Beyond fanatical loyalty, you also stand to gain from their unique and often creative insights. Some of these potential fans have thought, talked, blogged, and hacked their way through these problems and likely have a treasure trove of hard-earned knowledge you should do anything to get from them.

Embracing the knowledge from these people is going to push you to be more creative, innovative, and agile. It’s going to open up opportunities that you didn’t even realize existed. But that won’t happen if you don’t dedicate the time to it on a consistent basis.

Create online spaces and forums

Give your diehard fans something to talk about and a platform where they can talk about it (hello, social media). Get them rolling, keep them engaged!

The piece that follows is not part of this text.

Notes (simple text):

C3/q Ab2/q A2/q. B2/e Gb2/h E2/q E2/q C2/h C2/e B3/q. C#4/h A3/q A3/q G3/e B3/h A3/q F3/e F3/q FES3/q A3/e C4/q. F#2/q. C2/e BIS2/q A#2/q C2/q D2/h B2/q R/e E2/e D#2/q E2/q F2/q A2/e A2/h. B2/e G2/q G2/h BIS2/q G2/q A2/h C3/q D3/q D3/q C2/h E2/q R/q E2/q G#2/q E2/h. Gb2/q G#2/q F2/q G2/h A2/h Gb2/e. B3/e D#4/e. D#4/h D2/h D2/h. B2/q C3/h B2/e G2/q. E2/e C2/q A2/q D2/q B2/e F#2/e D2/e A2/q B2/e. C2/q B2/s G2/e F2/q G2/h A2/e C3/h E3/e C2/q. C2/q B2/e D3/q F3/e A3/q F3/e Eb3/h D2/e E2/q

Private Facebook groups, Slack channels, LinkedIn groups, Telegram groups, or any other place you can create private channels where people can feel apart of a community should work fine for this.

As people in the community engage with each other and with your business, they also can provide helpful information about ways to enhance and improve your business.

Make sure you’re monitoring the conversations in your community. If messages go unanswered or requests go ignored, you will lose members. Strive to reply quickly to comments and don’t shy away from reaching out to members using direct messaging, emails or even text messages.

Moreover, bring the online community offline. Incorporate face-to-face events and gatherings so your online community can meet each other in real life. It makes people excited, gives them something to look forward to and helps your community build bonds. Be sure to be part of it. (Yes, your meet-and-greet with the fans!)

The closer you are, the stronger their bond will be with your product, and the more likely they are to share your product with everyone they know.

Laser focus on a niche segment of your brand audience

Starbucks reaches out to coffee lovers; Apple engages with tech lovers; LinkedIn engages with social professionals. Do you get what I mean?

Focus on interacting with high­ly-engaged indi­vid­u­als who can become brand advo­cates. Interact with people who are giv­ing sin­cere and earnest reviews of the prod­ucts they enjoy.

When done right, you can gen­er­ate ridiculously strong brand­ com­mu­ni­ty engage­ment by being focused and targeted in your actions. Tackle a specific niche audience, with a specific need, on a specific channel, in a specific way.

This should lead to a mutu­ally beneficial com­mu­ni­ty expe­ri­ence and based for you to grow your brand community.

Invite customers to share their content

Communities revolve around sharing — sharing photos, videos and experiences — so you’ll want to encourage that in the communities you create for your customers.

When your audience (or your fans) feel part of something, they will be naturally incentivized to share their own content and imagery that focuses upon your products and your brand. These strategies work because they offer openness and transparency. When you make great products, people take ownership and pride from that ownership.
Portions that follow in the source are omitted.